Ed è anche in questo contesto – anche se oggi i giallorossi minimizzano – che in parte si colloca la polemica di qualche settimana fa contro il PSG, con il Lens a ergersi da David contro il Golia del calcio transalpino. Questione di priorità, che la Ligue 1 ha evidentemente accordato ai parigini rinviando il big match di campionato contro il Lens visto che Hakimi e compagni erano impegnati in Champions contro il Liverpool. Una “gentilezza” che l’outsider non ha apprezzato particolarmente, perché in base al nuovo calendario dovrà disputare tre gare in una settimana nel momento clou della stagione. “Ci sembra che si stia diffondendo un sentimento preoccupante”, faceva notare il Lens su X. “Quello di un campionato francese che viene gradualmente relegato al ruolo di mera variabile per assecondare le ambizioni europee di alcune parti. Si tratta di una concezione peculiare di correttezza sportiva, difficile da riscontrare in altre grandi competizioni continentali. Sembrerebbe quindi che il decimo campionato più grande del mondo debba adattarsi alle richieste dei club più potenti”. Mentre il Lens fa da portavoce degli oppressi.
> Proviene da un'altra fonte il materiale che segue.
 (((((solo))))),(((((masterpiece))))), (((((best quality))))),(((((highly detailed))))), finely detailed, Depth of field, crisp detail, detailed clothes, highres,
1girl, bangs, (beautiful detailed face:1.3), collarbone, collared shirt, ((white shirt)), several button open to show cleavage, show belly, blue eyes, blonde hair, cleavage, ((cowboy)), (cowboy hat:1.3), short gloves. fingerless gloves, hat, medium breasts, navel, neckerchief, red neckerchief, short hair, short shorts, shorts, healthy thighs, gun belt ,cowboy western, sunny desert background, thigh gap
Insomma, se la sfida per il titolo quest’anno sembra abbastanza delineata, il cammino del Racing è soprattutto un ottimo punto di partenza. E ogni domenica, un piacere per i tifosi: i gol di Odsonne Edouard – già 12 in Ligue 1 –, la miglior stagione della carriera di Wesley Said – un veterano da oltre 100 presenze nel club –, la rinascita di Flo Thauvin con classe e personalità dei suoi tempi migliori. Sarebbe stato bello vederli vincere il campionato. E magari succederà, prima o poi.